Data provided:
»»

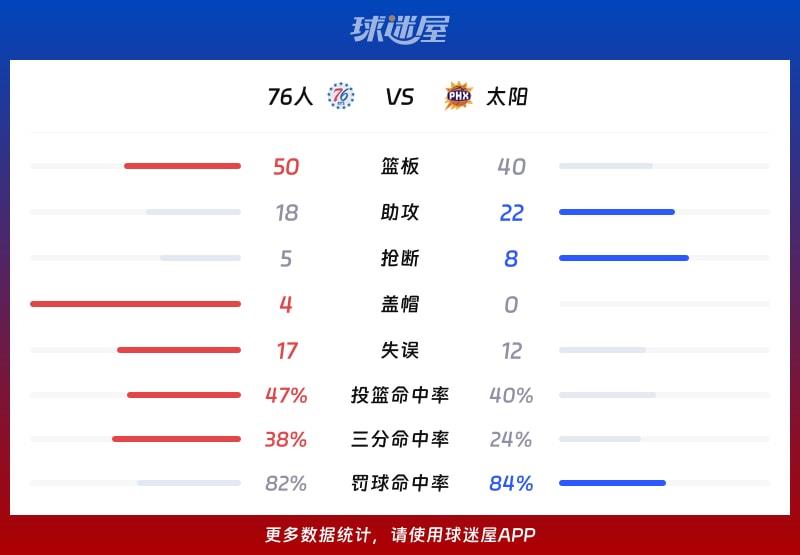 76人vs太阳球队数据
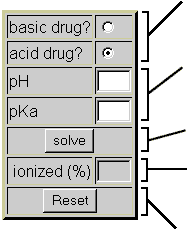 Dosage Calculation Chart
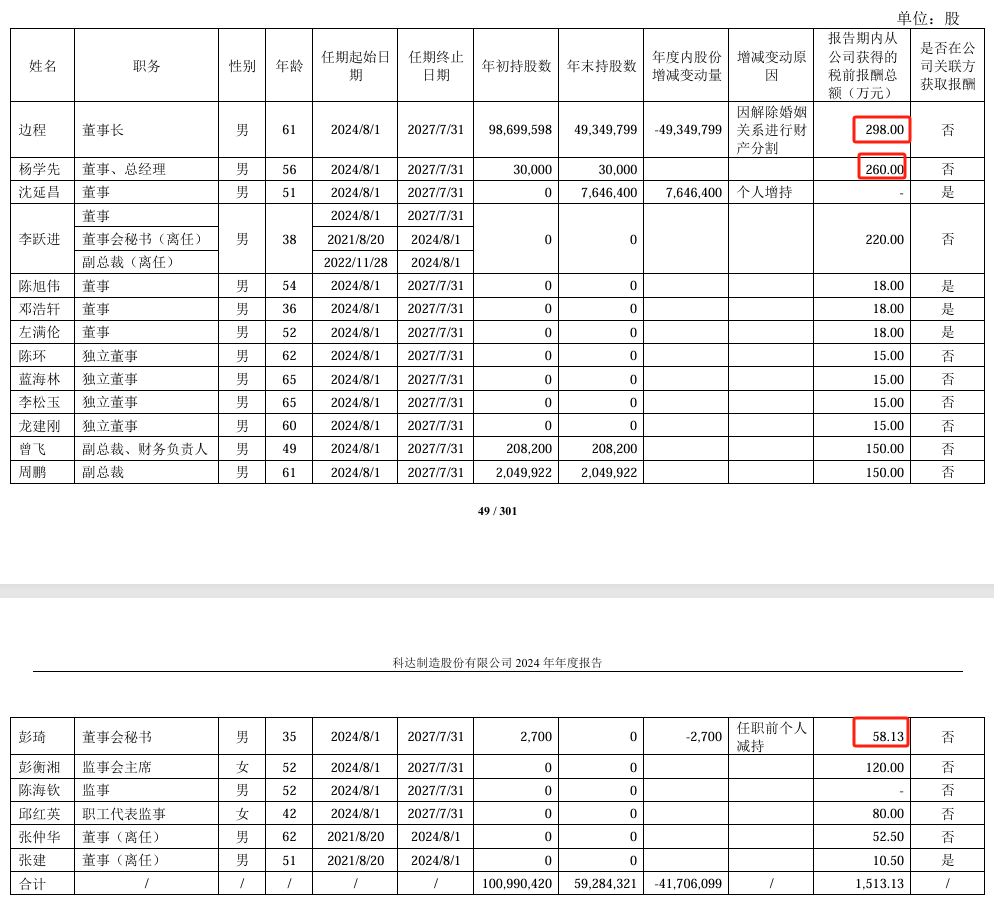 承德露露2024年净利6.66亿增长4%:董秘刘明珊薪酬35万元涨薪2万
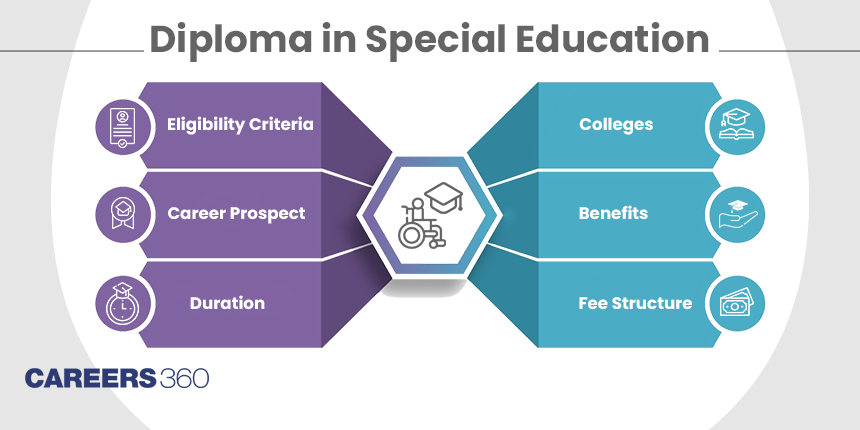 Diploma in Special Education: Course, Eligibility, Admission, Fees, Colleges, Scope
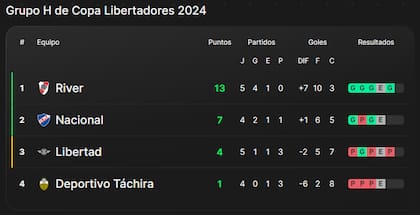 Así está la tabla de posiciones del grupo H de la Copa Libertadores 2024, con River en octavos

««

What is expected: Retype the listing exactly. Skip every picture.

Problem solution:
 76人vs太阳球队数据
 Dosage Calculation Chart
 承德露露2024年净利6.66亿增长4%:董秘刘明珊薪酬35万元涨薪2万
 Diploma in Special Education: Course, Eligibility, Admission, Fees, Colleges, Scope
 Así está la tabla de posiciones del grupo H de la Copa Libertadores 2024, con River en octavos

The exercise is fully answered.